• What is being asked: Word for word, restate the lines of the data below between those holding "[500 SPIN CODE]" and "vidaXL Garden box", inclusive; pictures do not belong in the copy.

• Task data:
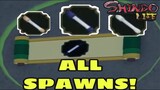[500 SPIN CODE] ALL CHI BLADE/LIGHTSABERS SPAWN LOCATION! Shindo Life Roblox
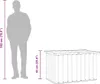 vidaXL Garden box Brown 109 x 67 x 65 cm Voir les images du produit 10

* * *

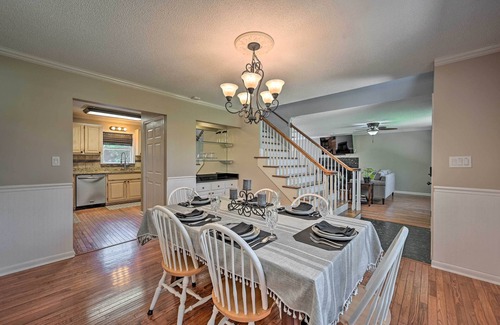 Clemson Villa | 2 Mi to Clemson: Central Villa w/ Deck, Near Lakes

• Response to this task:
[500 SPIN CODE] ALL CHI BLADE/LIGHTSABERS SPAWN LOCATION! Shindo Life Roblox
 vidaXL Garden box Brown 109 x 67 x 65 cm Voir les images du produit 10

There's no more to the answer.